• _REQUIRED WORK_
Below is a listing; repeat exactly the lines from the one containing "Doudou ourson | pull jacquard avoine" to the one containing "Camicia collo coreano in lino Rose Moro", both included.

DATASET RECORDS: Begin

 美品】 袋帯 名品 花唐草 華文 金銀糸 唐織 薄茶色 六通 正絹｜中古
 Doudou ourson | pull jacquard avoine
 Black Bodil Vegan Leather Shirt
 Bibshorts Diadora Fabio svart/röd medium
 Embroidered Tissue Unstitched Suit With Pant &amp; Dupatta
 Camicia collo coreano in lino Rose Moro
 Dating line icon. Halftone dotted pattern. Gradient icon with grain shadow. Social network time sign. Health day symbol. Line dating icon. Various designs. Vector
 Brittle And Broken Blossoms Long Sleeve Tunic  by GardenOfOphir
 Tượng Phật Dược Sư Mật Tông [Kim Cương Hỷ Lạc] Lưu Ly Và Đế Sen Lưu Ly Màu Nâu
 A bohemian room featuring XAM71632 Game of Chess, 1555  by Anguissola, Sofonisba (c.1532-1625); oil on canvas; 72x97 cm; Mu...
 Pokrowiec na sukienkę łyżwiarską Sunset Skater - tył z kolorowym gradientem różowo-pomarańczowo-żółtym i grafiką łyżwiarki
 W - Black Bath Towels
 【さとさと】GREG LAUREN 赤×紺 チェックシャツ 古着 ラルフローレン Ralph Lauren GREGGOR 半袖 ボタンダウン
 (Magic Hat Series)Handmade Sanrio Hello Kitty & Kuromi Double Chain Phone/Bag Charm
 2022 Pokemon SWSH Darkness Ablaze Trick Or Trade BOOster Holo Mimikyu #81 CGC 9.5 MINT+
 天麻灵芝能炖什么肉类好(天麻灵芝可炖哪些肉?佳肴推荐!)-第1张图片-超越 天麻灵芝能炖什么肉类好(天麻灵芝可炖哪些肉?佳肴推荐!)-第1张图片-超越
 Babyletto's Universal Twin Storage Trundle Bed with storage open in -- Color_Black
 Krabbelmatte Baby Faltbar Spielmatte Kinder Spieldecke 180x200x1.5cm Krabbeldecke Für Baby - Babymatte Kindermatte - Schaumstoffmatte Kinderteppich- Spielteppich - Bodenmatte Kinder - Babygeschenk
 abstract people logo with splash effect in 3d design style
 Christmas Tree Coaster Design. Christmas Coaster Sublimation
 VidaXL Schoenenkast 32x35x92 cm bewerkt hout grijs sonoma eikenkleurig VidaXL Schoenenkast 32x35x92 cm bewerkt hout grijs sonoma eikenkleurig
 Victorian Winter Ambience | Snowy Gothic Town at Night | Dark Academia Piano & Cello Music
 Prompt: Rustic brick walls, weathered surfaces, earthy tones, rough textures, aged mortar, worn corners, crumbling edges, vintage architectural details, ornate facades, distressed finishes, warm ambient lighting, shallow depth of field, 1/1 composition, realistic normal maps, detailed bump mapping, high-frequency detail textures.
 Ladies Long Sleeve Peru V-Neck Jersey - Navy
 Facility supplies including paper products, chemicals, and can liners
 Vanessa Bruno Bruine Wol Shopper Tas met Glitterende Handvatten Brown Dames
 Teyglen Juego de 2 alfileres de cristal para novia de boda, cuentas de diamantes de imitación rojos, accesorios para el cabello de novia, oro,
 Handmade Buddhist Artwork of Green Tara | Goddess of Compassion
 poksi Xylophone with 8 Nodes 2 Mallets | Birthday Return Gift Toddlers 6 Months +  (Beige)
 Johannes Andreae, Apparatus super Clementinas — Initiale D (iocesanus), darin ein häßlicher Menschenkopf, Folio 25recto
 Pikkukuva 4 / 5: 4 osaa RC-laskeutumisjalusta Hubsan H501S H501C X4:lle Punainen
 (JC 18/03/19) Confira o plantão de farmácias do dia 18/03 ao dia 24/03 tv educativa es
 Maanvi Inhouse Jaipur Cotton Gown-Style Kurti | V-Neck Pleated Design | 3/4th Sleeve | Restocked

DATASET RECORDS: End

• _EXERCISE OUTPUT_
 Doudou ourson | pull jacquard avoine
 Black Bodil Vegan Leather Shirt
 Bibshorts Diadora Fabio svart/röd medium
 Embroidered Tissue Unstitched Suit With Pant &amp; Dupatta
 Camicia collo coreano in lino Rose Moro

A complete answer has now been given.